Effect of Dietary Supplementation of Ginger and Garlic Mixture on Performance of Ardi Goats under Stressful Conditions

Shaker. B. Al-Suwaiegh1,*
1Department of Animal and Fish Production, King Faisal University, P.O. Box 402, Al-Ahsa, 31982, Kingdom of Saudi Arabia.
Cite article:- Al-Suwaiegh B. Shaker. (2023). Effect of Dietary Supplementation of Ginger and Garlic Mixture on Performance of Ardi Goats under Stressful Conditions . Indian Journal of Animal Research. 57(7): 889-894. doi: 10.18805/IJAR.BF-1619.

ABSTRACT

Background: Among the different range animals, goats can adapt and survive greatly under harsh environmental conditions. The aim of this study was to investigate the effect of using a mixture of garlic and ginger as supplementation to improve the growth performance and nutrient digestibility of Ardi goats. 
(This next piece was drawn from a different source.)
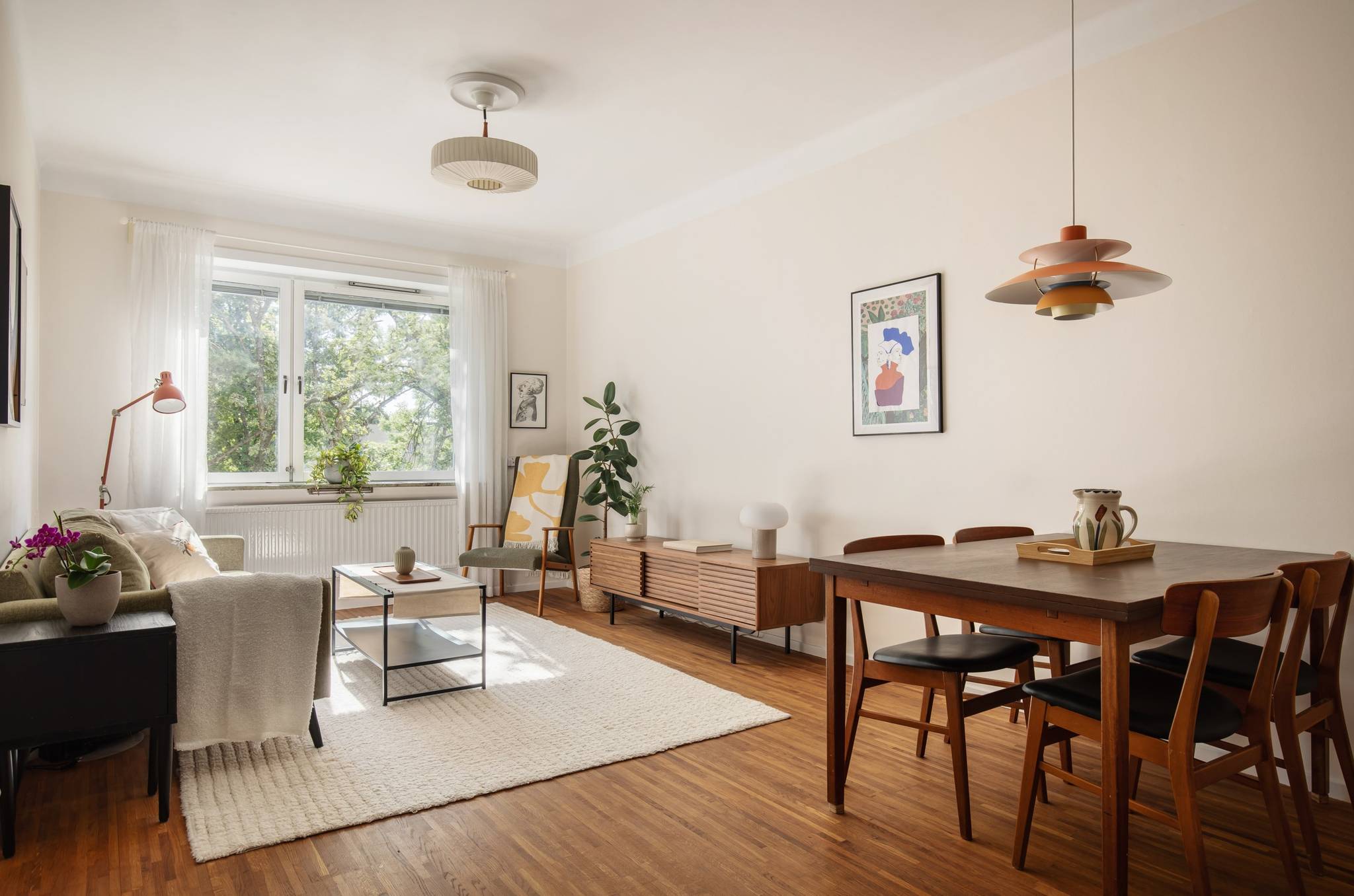 2 rum Lägenhet på Love Almqvists väg 4A Kungsholmen - Kristineberg Stockholms kommun - bild 4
Methods: A total of twenty Ardi goats (40.35±1.8 kg) were assigned randomly into four experimental groups. The first group received a basal diet (control), the second to fourth groups were dietary supplemented with a mixture of garlic and ginger at the different levels of 20, 40, and 60 g/animal/day, respectively for 12 weeks. 

Result: There were no significant differences in the final body weight and feed conversion ratio of goats fed different levels of dietary supplemented of ginger and garlic mixture. The TDMI and daily DMI significantly reduced in groups fed diets supplemented with 20 and 40 g/animal/day than the control group. The digestion coefficients of CP, fiber fraction digestibility, and TDN values decreased in different groups. In conclusion, the addition of ginger and garlic mixture at the studied levels did not significantly affect animal performance and had negative impacts on feed utilization and nutrient digestibility.

INTRODUCTION

Goats are preferred to be raised in desert environments, such as Saudi Arabia, because their nutritional needs are lower than those of cattle (Daramola et al., 2021; Al-Suwaiegh  et al., 2020). Goats have a higher capacity to convert low-quality feed into high-quality products with higher economic returns than other animal species (Daramola et al., 2021). Due to these benefits of raising goats in harsh environments, the rates of goat productivity are acceptable, and young breeders have a good opportunity to initiate a goat-raising project (Joy et al., 2020). Ardi goats are the most important local Saudi Arabian goat breed, characterized by their ability to live and survive in a very harsh environment (Al-Atiyat and Aljumaah, 2014). In order to adapt to unfavorable climatic conditions, optimal nutrition may be necessary to increase animal productivity, particularly in small ruminants with poor genetic potential that are common in dry and semi-arid regions (Joy et al., 2020).

The use of herbal plants has recently attracted the attention of many animal producers due to their low cost, low risk, less poisonous, residue-free, more palatable, and greater integrity, which may boost the animal’s productivity (Morshedy et al., 2021; El-Gindy  et al., 2021). Herbal plants such as ginger and garlic are widely used in animal nutrition and have been found to possess medicinal properties (Daharia et al., 2022). Ginger and garlic have known proven biological effects such as antioxidants properties, anti-bacterial action and anti-inflammatory effects (Panpatil et al., 2013). Moreover, garlic and ginger, as natural growth promoters, can improve feed utilization, nutrient digestibility and body physiology, and thus reducing the high feeding cost (Pandey et al., 2019).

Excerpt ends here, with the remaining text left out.